Figure 7, default Azure VM Network Security Group (NSG)
After installing IIS on my Azure VM, I then accessed the KUDU/SCM console, which I explain here, of my Azure Function and tested the connectivity using CURL. Notice in Figure 8 shows that I use the internal IP address of the Azure VM in subnet CSHARP.
Figure 8, using CURL to test VNET connectivity from an Azure Function to an Azure VM
I was not able to successfully connect to the Azure VM Public IP address from the Azure Function SCM/KUDU console. At first that seemed odd, but makes sense because if I can use an internal IP why would I want to use the public one? I didn’t test it to see if it is possible without the VNET configuration, but I was able to CURL to other public internet sites.

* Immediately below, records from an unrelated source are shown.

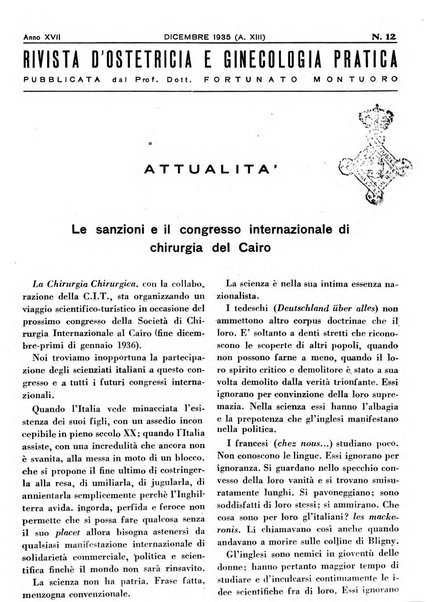 Rivista di ostetricia e ginecologia pratica organo della Societa siciliana di ostetricia e ginecologia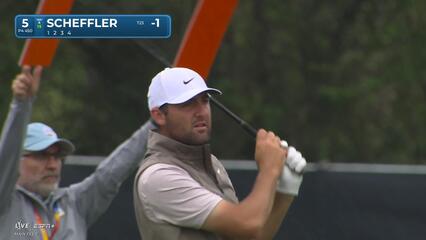 Scottie Scheffler | Round 1 | 5th hole | Shot 1 | 2025 Houston Open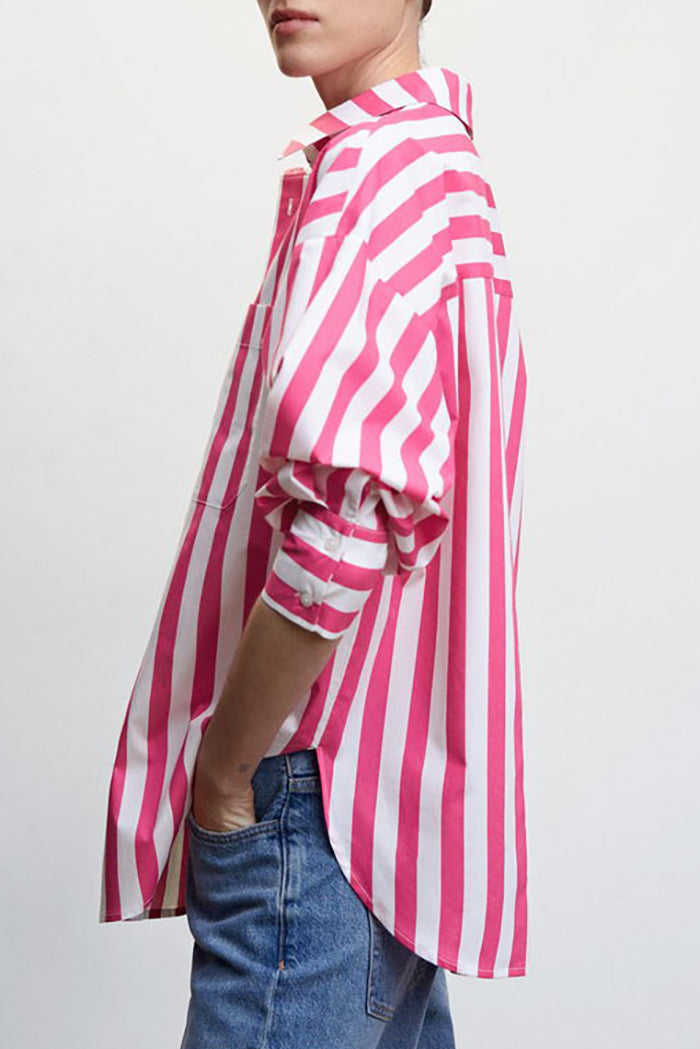 Casual Striped Long Sleeve Shirt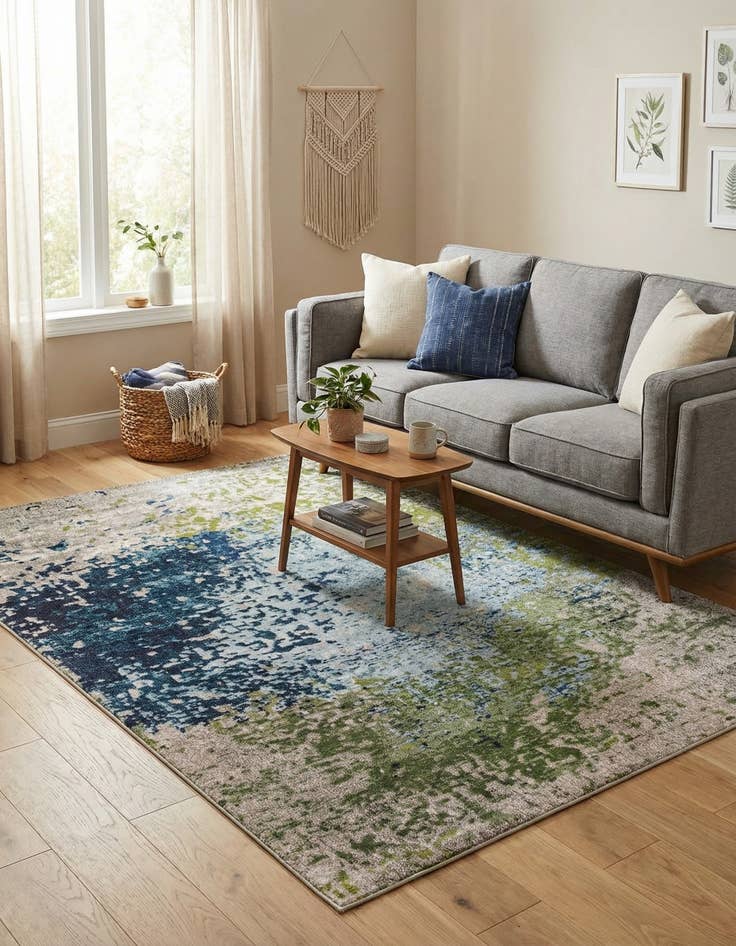 Detail image of 6' x 9'  Washable Casablanca Rug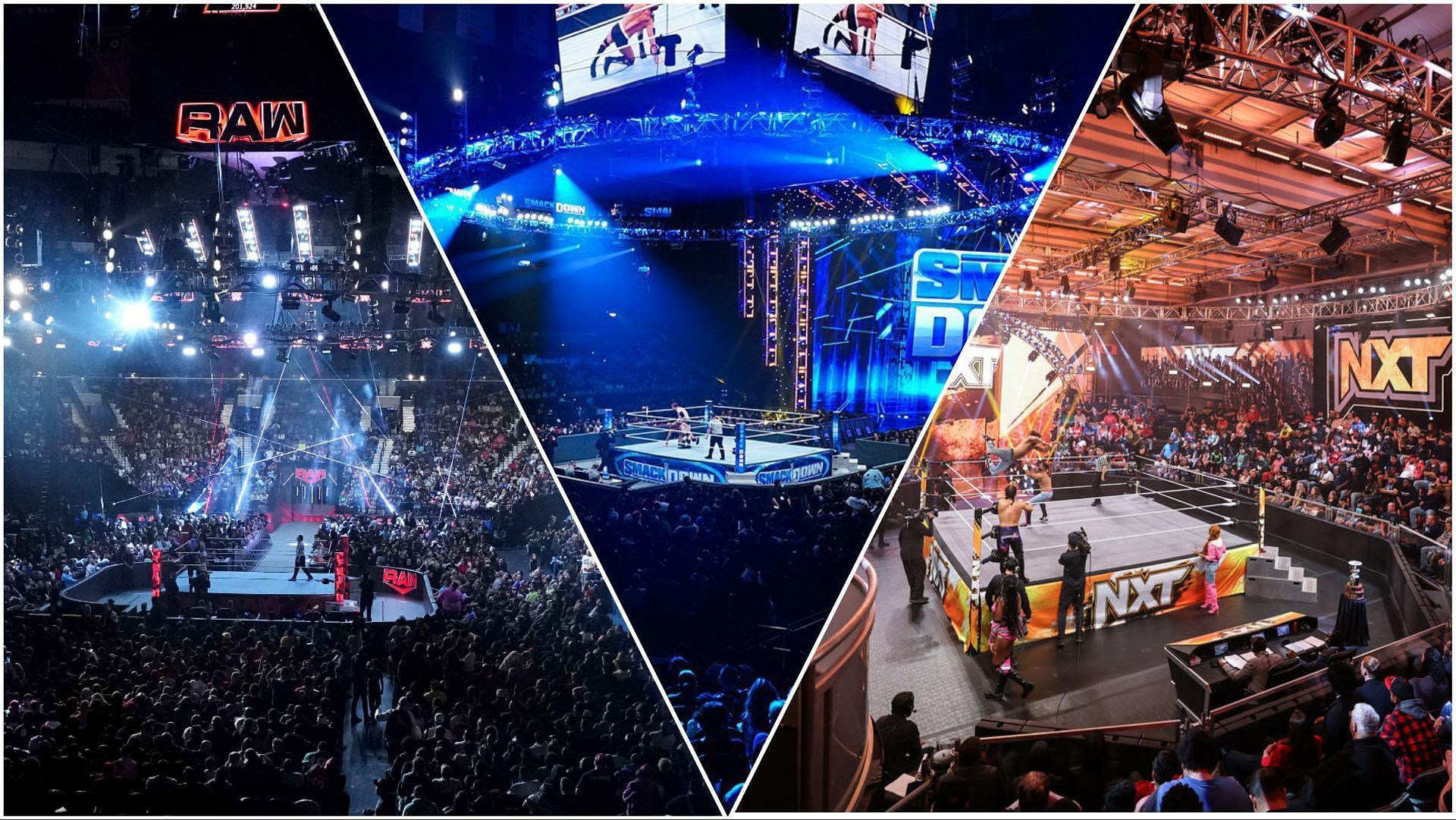 A look at the setups for WWE RAW, SmackDown, and NXT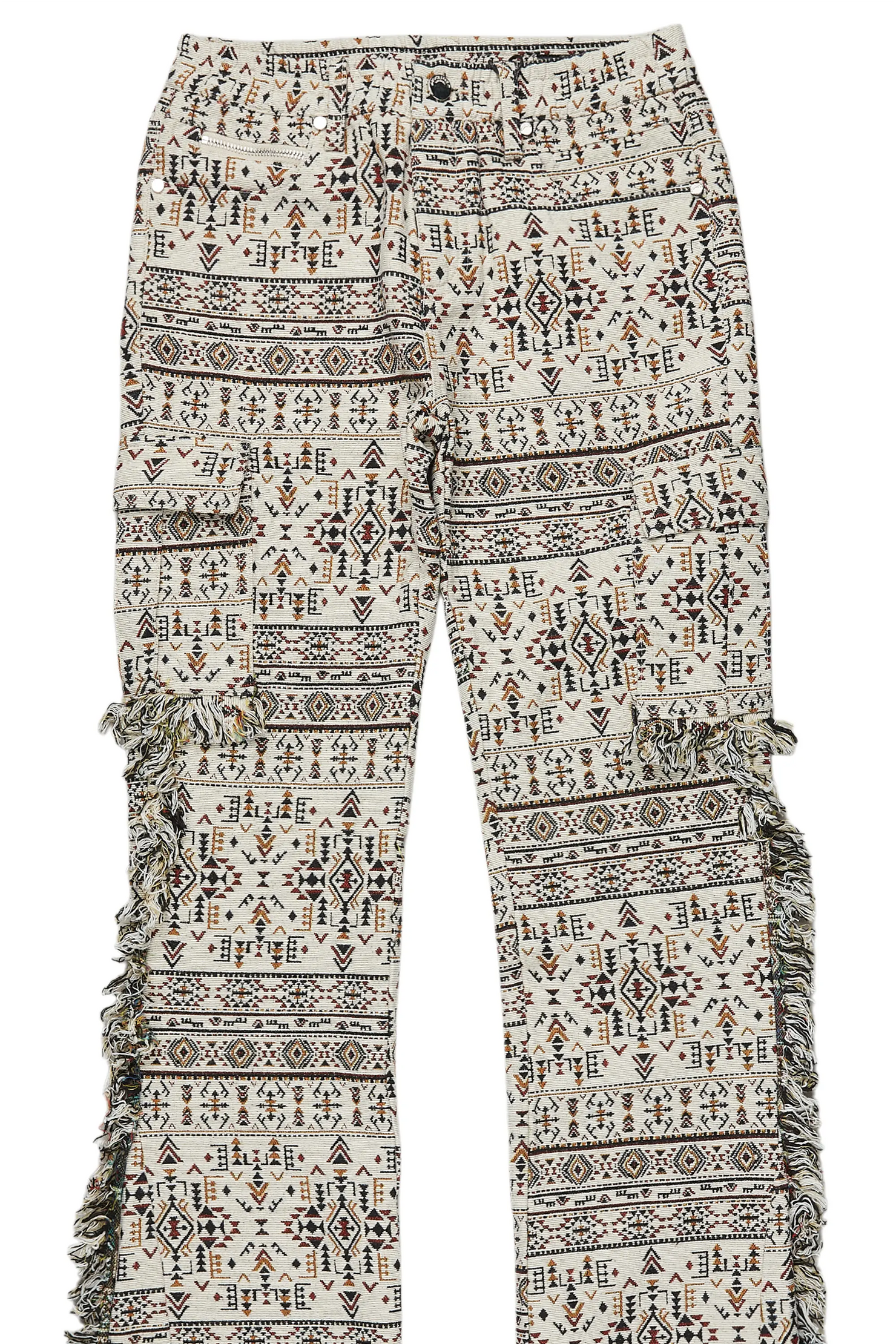 Girls Anaya Beige Slim Flare Pants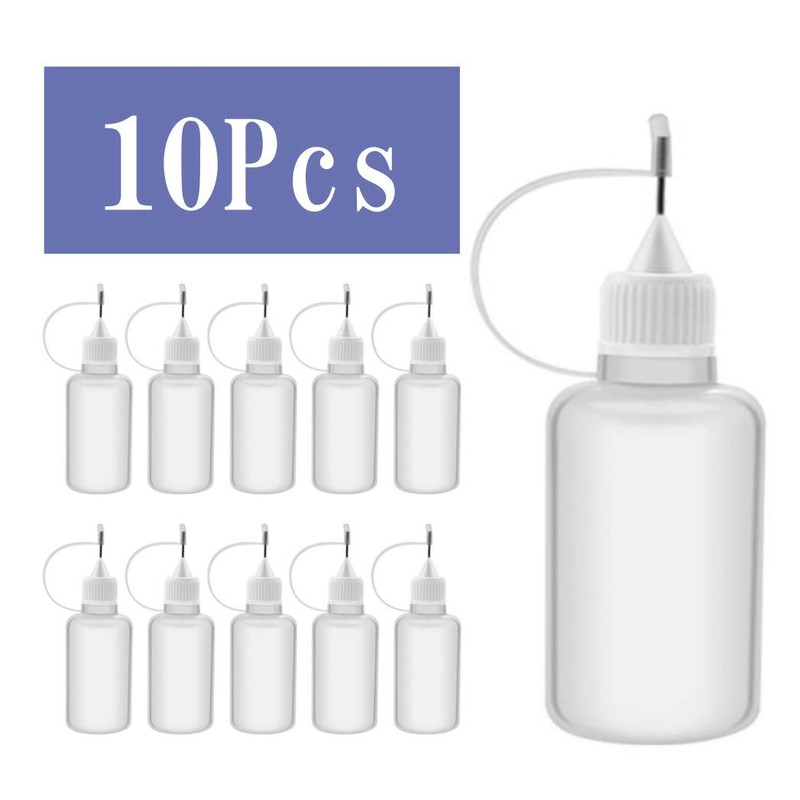 HappyHome Dropper Bottles, 30ml Divided Bottles, Divided Containers with Needles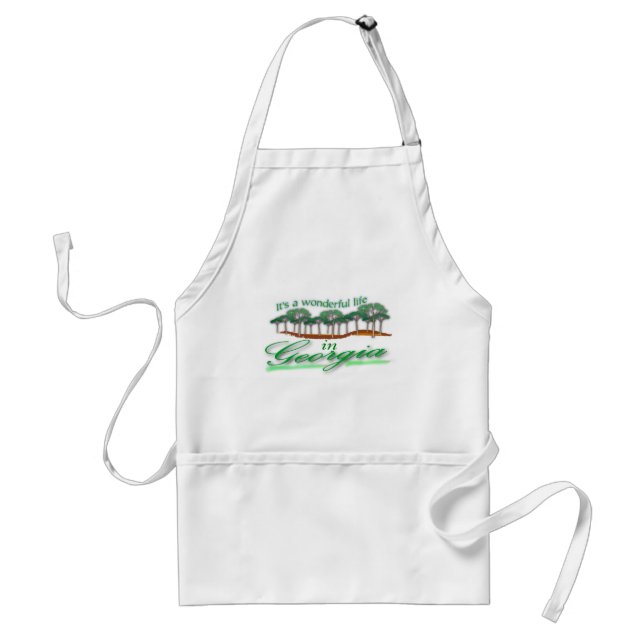 It's a wonderful life in Georgia Standard Apron (Front)
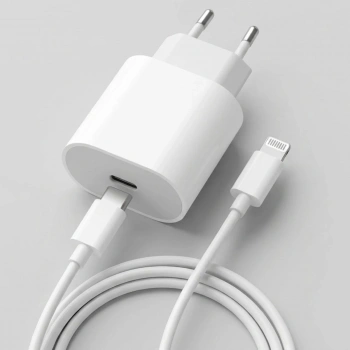 20W Hızlı Şarj Adaptörü USB-C to Lightning Kablolu – PD Destekli Süper Hızlı Şarj Cihazı (5263)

Publish and Test the Azure Function
I then published an HTTP triggered Azure Function, I explain how did this here. I also wrote a short lab here. Figure 9 illustrates how I triggered it and that it was successful
Figure 9, trigger an Azure Function, HTTP Trigger using CURL
At this point outbound traffic from the Azure Function is not forced into the VNET. To change that, you must add the WEBSITE_VNET_ROUTE_ALL application setting.
Add the WEBSITE_VNET_ROUTE_ALL application setting to the Azure Function, it should be the same for an Azure App Service. Set the value to 1 to enable, Figure 10 illustrates how that look.
Figure 10, enable WEBSITE_VNET_ROUTE_ALL on an Azure Function, App Service
I then performed the following tests.
Tests 1 – 5 I performed using the default NSGs. Test 6 was performed after the configuration of the Outbound NSG as shown in Figure 11.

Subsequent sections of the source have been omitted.